__INSTRUCTIONS TO FOLLOW__
Could you copy the records below exactly, leaving out any pictures they include?

__INPUT MATERIAL__
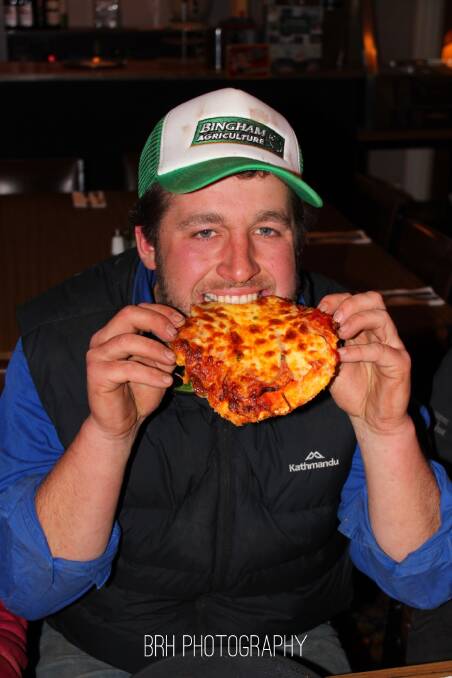Callum Murray chows down on a parma. Picture: BRH Photography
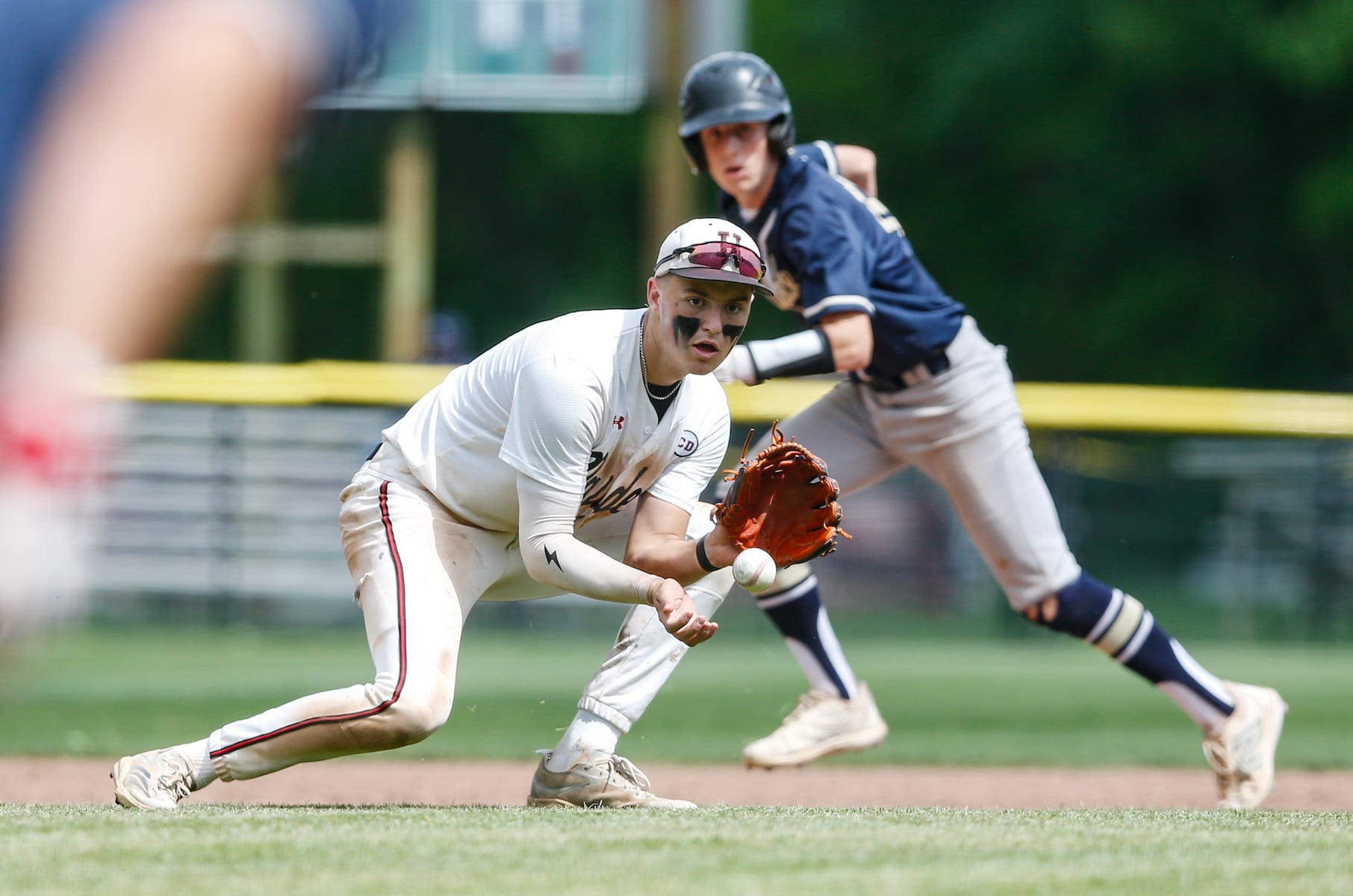 William Kraemer (2) of Hun fields a ground ball with Evan Treese (10) of Peddie running behind the play during the Prep A semifinal baseball game between Hun and Peddie at The Hun School of Princeton in Princeton, NJ on 5/18/25.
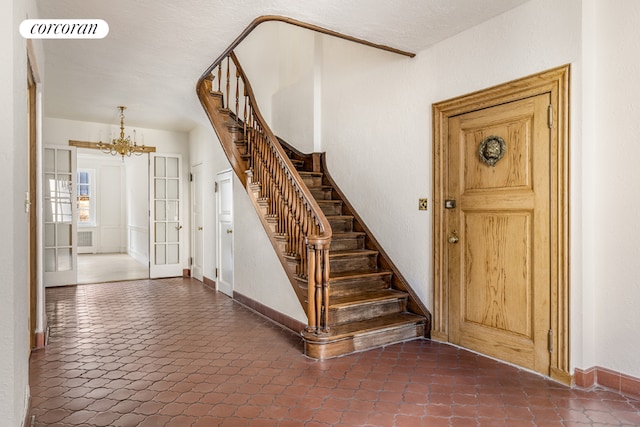 stairway featuring a chandelier and french doors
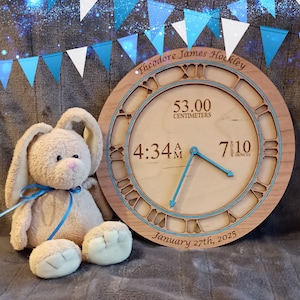 Könnte beinhalten: Eine Holzuhr mit römischen Ziffern, mit dem Namen "Theodore James Hockley", Uhrzeit, Datum und Babymessungen: 53,00 Zentimeter und 7 lbs 10 oz. Ein Plüschhase mit blauem Band sitzt neben der Uhr.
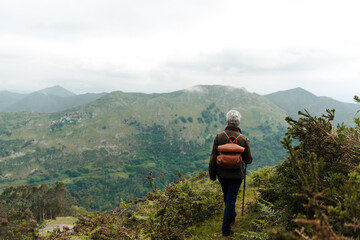 Unrecognizable senior female traveler walking towards mountain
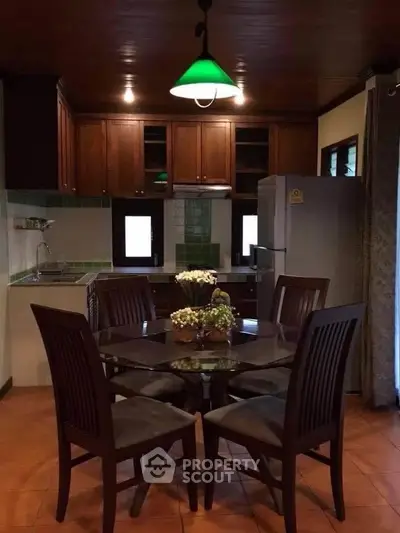 Charming kitchen with wooden cabinets and dining area, perfect for cozy family meals.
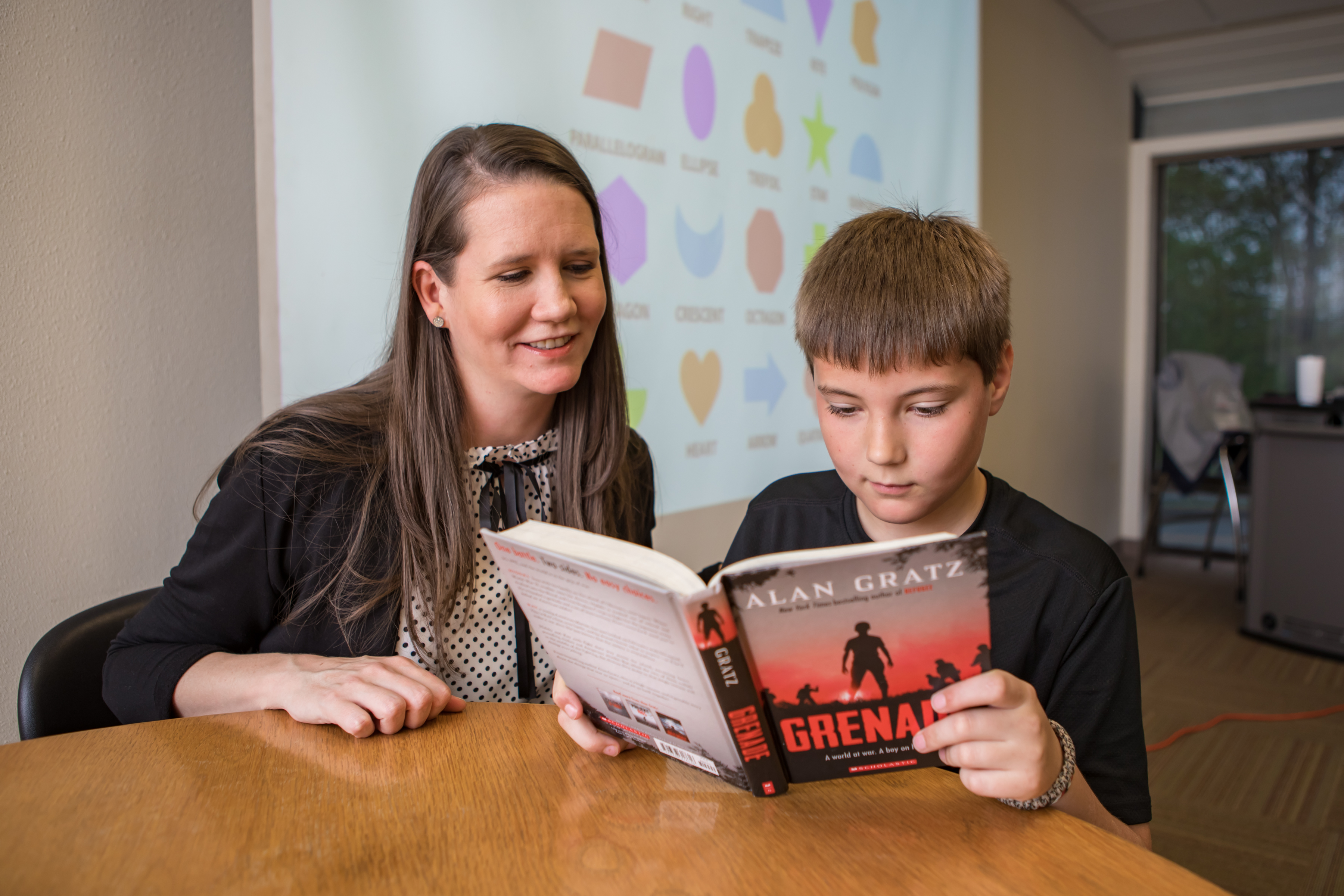 Teacher and student reading a book together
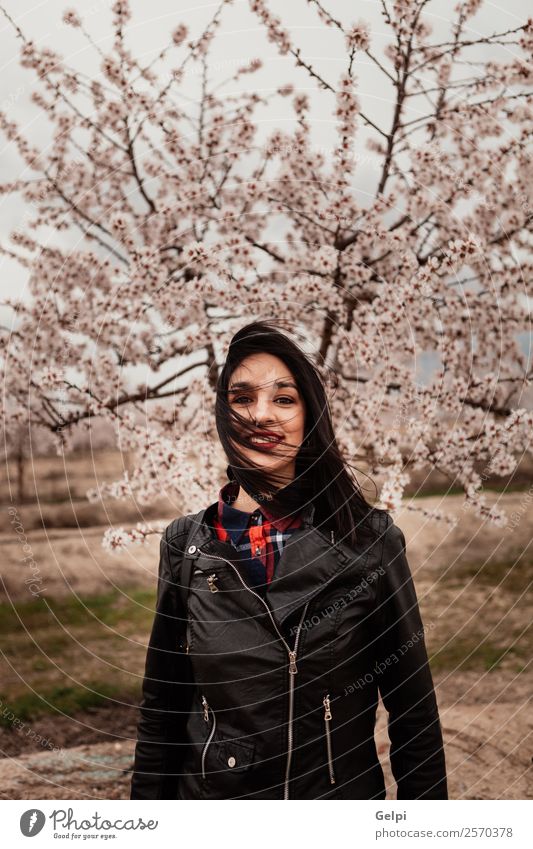 Mädchen Stil Glück schön Gesicht Garten Mensch Frau Erwachsene Natur Baum Blume Blüte Park Mode Jacke Leder brünett Lächeln Fröhlichkeit frisch lang natürlich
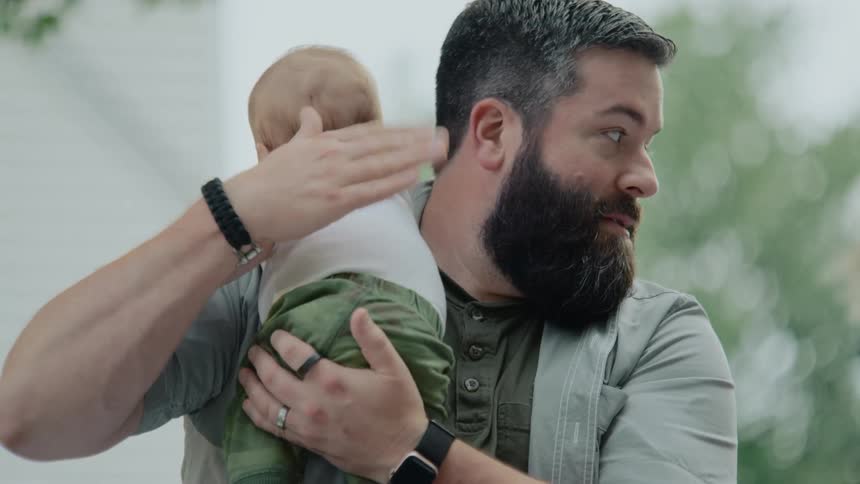 A bearded father lovingly holds and soothes his baby, patting their back while another child plays in the background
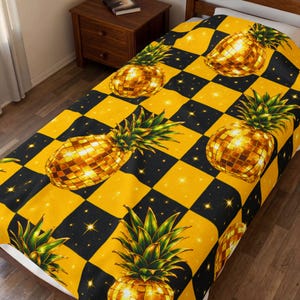 Könnte beinhalten: Eine gelb-schwarz karierte Decke mit einem sich wiederholenden Muster aus goldenen Ananas-Designs. Die Ananas haben eine mosaikartige Textur. Die Decke liegt auf einem Bett und wirkt einladend.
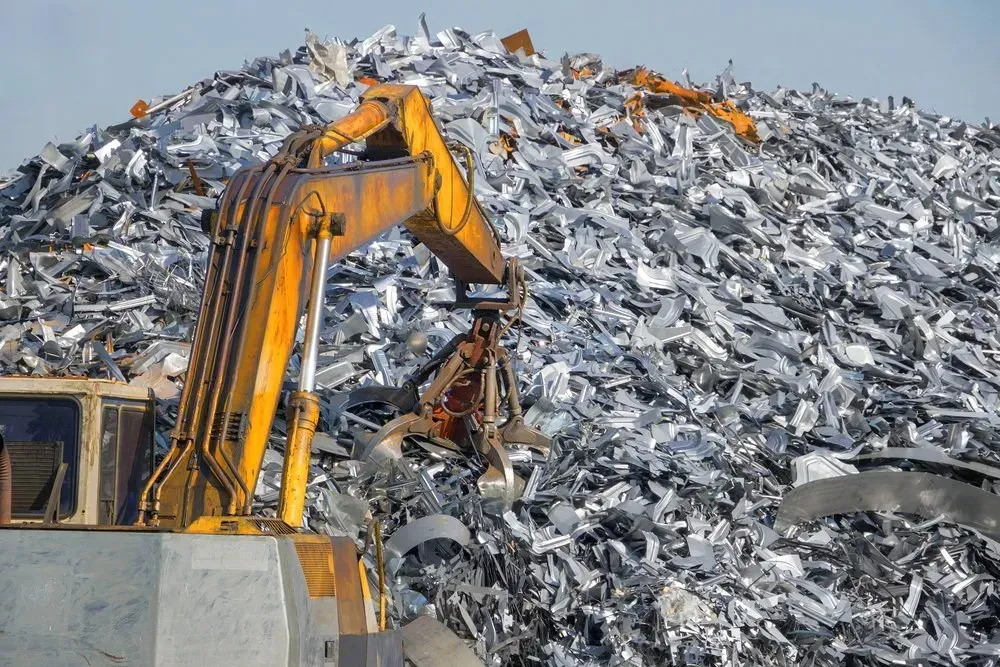 Yellow Excavator Sorting Scrap Metal at a Recycling Center — Independent Scrap Metal Pty Ltd in Ballina, NSW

__SOLUTION FOR THIS EXERCISE__
Callum Murray chows down on a parma. Picture: BRH Photography
 William Kraemer (2) of Hun fields a ground ball with Evan Treese (10) of Peddie running behind the play during the Prep A semifinal baseball game between Hun and Peddie at The Hun School of Princeton in Princeton, NJ on 5/18/25.
 stairway featuring a chandelier and french doors
 Könnte beinhalten: Eine Holzuhr mit römischen Ziffern, mit dem Namen "Theodore James Hockley", Uhrzeit, Datum und Babymessungen: 53,00 Zentimeter und 7 lbs 10 oz. Ein Plüschhase mit blauem Band sitzt neben der Uhr.
 Unrecognizable senior female traveler walking towards mountain
 Charming kitchen with wooden cabinets and dining area, perfect for cozy family meals.
 Teacher and student reading a book together
 Mädchen Stil Glück schön Gesicht Garten Mensch Frau Erwachsene Natur Baum Blume Blüte Park Mode Jacke Leder brünett Lächeln Fröhlichkeit frisch lang natürlich
 A bearded father lovingly holds and soothes his baby, patting their back while another child plays in the background
 Könnte beinhalten: Eine gelb-schwarz karierte Decke mit einem sich wiederholenden Muster aus goldenen Ananas-Designs. Die Ananas haben eine mosaikartige Textur. Die Decke liegt auf einem Bett und wirkt einladend.
 Yellow Excavator Sorting Scrap Metal at a Recycling Center — Independent Scrap Metal Pty Ltd in Ballina, NSW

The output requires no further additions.